Source material below:
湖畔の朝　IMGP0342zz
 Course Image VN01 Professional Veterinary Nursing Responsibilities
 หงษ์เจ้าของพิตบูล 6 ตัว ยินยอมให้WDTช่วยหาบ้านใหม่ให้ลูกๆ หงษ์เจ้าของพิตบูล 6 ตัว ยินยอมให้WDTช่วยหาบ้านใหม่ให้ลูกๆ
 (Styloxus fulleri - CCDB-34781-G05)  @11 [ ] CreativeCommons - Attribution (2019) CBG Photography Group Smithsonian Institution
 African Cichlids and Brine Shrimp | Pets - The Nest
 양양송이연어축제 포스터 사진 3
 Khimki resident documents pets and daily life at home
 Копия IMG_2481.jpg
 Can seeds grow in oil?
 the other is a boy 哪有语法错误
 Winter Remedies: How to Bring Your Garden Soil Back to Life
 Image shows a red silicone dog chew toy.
End of Source material.
For this exercise, repeat exactly the lines of the data above from the one with "(Styloxus fulleri - CCDB-34781-G05)" down to the one with "Khimki resident documents", both end lines included.

 (Styloxus fulleri - CCDB-34781-G05)  @11 [ ] CreativeCommons - Attribution (2019) CBG Photography Group Smithsonian Institution
 African Cichlids and Brine Shrimp | Pets - The Nest
 양양송이연어축제 포스터 사진 3
 Khimki resident documents pets and daily life at home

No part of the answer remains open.